Search this site


Metadata

Articles

Projects

Presentations

awk - Week of Unix Tools; Day 3

Intro

This week-of-unix-tools is intended to be a high concentration of information with little fluff. I'll be covering only GNU versions of the tools, for the sake of choosing only one version for sanity sake.

What is awk?

Hands-down, one of *the* most useful filter tools you'll find. Awk is a scripting language, but I find it is best used from the shell in oneliners.

Basic awk(1) usage

awk [-F<field_sep>] [awk_script]

Records and Fields

Awk has two data concepts that come from file input: Records and Fields.

A record is generally a whole line. The default input record separator (RS) is a newline. You can change this at any time.

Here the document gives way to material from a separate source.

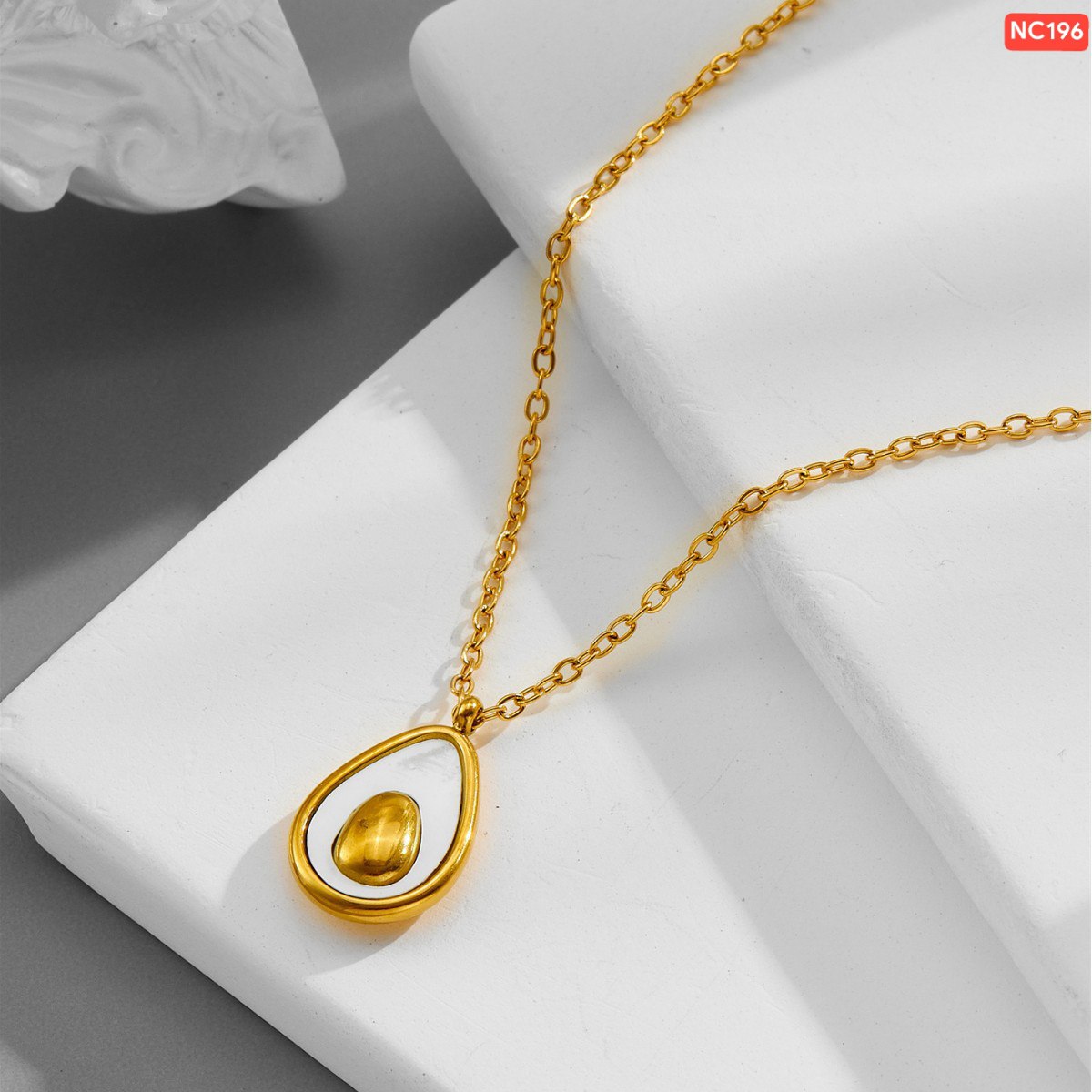 Magic Core Gold Necklace NC196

A field is generally a word split by any number of whitespace (tab or space). The default input field separator (FS) is a single space. FS can be a single character or a regular expression. If FS is a single space, it is treated magically as if you had specified [ \t]+.

Field selection

Fields are accessed using the $ "operator". The following are valid:
$1, $2, $3 ...
(first, second and third fields)
$NF
The last field. Nothing special. NF is a variable holding the total number of fields in the current record, therefore $NF would be the last field
x=1; $(x + 3)
The 4th field. $(x + 3) == $(1 + 3) == $4

Patterns and functions

Awk expressions come in two forms, a function or a pattern. I've never bothered writing functions.

Here's what a pattern looks like: [condition_expressions] { [action_expressions] }

Basically this equates to the folloing psuedocode: if (condition_expressions) { action_expressions }

If no action_expression is defined, the default is 'print' which means 'print $0' which means printthe current record. If no condition is given, the default is to execute the action for all records.

Magic patterns: BEGIN and END

BEGIN and END are magic "conditions". BEGIN is used to execute things before the first record has been parsed, and END is obviously to do things after the last record. These patterns cannot be combined with others.

Sample pattern expressions

length($0) > 72 (From FreeBSD's awk manpage)
Print lines longer than 72 characters
$1 ~ /foo/ { print $2 }
Print the 2nd field of all records where the first field matches /foo/
$5 > 0
Print all records where the 5th field is greater than 0. (Complete with magical number conversion, when possible.
int($5) > 0
Same as above, but force $5 to int before comparing

Variables

Variables are the same syntax as in C. You do not declare variables.

Examples:
$2 == "test" { x++ }; END { print x }
Total records where $2 == "test"
{ $1 = ""; print }
Delete the first field of every record, print the new record
{ $3 = "Hello"; print }
Should be obvious. This one is *super* useful; modifying fields inline is awesome

Arrays

Arrays are magical. You simply start using a variable as an array, and it becomes an array. Arrays are more like dictionaries/hash tables/associative arrays than "real" arrays. Quite useful.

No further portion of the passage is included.